Thursday, September 20, 2007

Globe: No Child Left Behind needs reform

No Child Left Behind, the Bush administration gift (as well as Teddy Kennedy's) to education, needs to be reformed, the Joplin Globe editorial board said today:

One problem most frequently heard is that the act concentrates on reading and math, but leaves out science, history, art and music. According to a recent column by Dale McFeatters, there is “evidence that this is so, with the non-tested subjects being scanted by about a half-hour a day.”

In Southwest Missouri, for instance, several area school districts received high marks from the state, including Accreditation With Distinction, but were given failing grades by the U.S. Department of Education under NCLB standards.

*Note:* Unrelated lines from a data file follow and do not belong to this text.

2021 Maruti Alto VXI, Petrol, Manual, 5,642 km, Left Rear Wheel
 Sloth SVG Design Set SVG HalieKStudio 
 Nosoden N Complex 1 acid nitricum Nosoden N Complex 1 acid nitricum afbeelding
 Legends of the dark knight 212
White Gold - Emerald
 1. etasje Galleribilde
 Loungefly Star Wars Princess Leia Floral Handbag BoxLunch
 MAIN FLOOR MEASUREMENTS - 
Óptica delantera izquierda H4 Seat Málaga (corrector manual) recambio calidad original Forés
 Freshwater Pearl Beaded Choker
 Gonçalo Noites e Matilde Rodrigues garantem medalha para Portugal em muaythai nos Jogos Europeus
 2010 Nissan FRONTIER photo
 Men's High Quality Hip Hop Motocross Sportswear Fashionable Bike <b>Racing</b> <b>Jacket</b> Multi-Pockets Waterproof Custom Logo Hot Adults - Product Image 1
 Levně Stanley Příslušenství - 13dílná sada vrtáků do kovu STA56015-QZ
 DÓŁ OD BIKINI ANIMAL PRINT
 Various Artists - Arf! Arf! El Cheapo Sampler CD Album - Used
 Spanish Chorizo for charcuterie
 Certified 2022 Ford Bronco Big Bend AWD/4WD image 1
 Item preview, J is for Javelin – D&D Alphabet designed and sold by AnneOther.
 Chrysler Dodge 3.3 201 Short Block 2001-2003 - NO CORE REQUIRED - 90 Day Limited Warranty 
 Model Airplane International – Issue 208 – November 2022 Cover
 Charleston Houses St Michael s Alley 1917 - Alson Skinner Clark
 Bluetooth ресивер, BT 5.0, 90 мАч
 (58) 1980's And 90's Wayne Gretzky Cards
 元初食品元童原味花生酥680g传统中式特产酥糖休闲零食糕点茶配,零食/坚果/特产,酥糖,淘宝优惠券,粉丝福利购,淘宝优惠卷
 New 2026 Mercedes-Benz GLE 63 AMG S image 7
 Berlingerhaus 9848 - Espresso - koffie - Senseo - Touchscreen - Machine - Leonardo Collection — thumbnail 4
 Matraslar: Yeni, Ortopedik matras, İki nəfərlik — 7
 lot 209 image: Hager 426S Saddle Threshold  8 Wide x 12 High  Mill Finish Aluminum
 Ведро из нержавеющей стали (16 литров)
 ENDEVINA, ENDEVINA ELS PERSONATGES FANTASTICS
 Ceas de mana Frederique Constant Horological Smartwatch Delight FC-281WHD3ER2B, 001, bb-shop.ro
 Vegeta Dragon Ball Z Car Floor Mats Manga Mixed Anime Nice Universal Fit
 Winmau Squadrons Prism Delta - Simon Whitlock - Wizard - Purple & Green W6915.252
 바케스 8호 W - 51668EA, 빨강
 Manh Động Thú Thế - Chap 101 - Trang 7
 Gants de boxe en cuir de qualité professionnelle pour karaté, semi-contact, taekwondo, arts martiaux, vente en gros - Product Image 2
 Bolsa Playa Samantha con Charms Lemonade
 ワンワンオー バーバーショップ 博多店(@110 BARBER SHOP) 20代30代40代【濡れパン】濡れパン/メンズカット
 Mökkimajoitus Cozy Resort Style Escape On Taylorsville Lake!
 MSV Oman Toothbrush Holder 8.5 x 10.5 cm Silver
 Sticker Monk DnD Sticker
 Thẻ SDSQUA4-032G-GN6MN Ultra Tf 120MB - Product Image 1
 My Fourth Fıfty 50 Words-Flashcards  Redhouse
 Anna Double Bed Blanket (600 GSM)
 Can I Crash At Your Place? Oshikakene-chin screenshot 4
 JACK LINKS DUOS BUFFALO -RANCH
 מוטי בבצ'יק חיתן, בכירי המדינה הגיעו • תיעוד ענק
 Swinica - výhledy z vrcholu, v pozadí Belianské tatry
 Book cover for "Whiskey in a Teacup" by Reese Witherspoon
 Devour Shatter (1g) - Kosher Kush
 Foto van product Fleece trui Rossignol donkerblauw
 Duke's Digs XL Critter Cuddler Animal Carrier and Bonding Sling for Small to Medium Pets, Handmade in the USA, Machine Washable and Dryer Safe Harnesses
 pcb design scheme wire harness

The editorial notes that the goal of having 100 percent of students proficient in math and reading by 2014 is unrealistic, which is an on-the-mark observation, but it fails to hammer home the point that school districts are being called failing even while they are surpassing federal guidelines in all but one area. For instance, if you have any group of students (white, African American, Hispanic, students who receive free or reduced lunches, for example) which falls short of the arbitrarily set government goal, even though the rest of the school has high scores, the school is still listed as failing and required to tell all of its patrons that it is failing. If that is not undermining public schools, I don't know what you would call it.
In the Joplin R-8 School District, in which I teach, math and reading scores were up across the board. The school is listed as failing because its graduation rate did not meet the federal level. And to be called a failure for not meeting that standard is particularly galling since so many factors that are totally outside the school's influence pay a big role in whether a student stays in school, including home environment, pregnancy, parents' attitudes about education, problems with the law, things school teachers and administrators have little or no control over.
The Globe's editorial is a welcome sight, but it should be the first of many editorials and news articles designed to bring to light the problems with No Child Left Behind, an ill-advised governmental program that is failing in every one of its categories.

7 comments:

Unknown said...

Randy,

I could not agree with you more.

Anonymous said...

As far as I'm concerned NCLB should be radically altered or thrown in the trash. The law is unrealistic and failure becomes inevitable. It makes no allowances or exceptions that I could see for mentally disabled children who simply cannot and never will meet the same goals the non-disabled can. And as you said, Randy, there are many factors which contribute to a child's ability and willingness to learn. No distinctions or exceptions seem to have been made there either.

Anonymous said...

By all means, any program that exposes the failings of public schools cannot be tolerated.

Randy said...

Anyone who truly believes No Child Left Behind provides an accurate picture of what goes on in public schools has not done any research into the law.

Anonymous said...

Well, why don't we turn a spotlight on and expose some of the failings of the private school system then? I'm sure there are plenty of them. How about we start with the fact that very few, if any, are equipped and trained to care for children with special needs? Why don't we start with the fact that if you call them up and tell them that you want to enroll a special needs child, almost all of them will tell you that they simply don't accept physically or mentally disabled children.

Anonymous said...

If No Child Left Behind does nothing more than raise the hackles of the educational community and forces it to take a long hard look at education then it is successful beyond our greatest hopes.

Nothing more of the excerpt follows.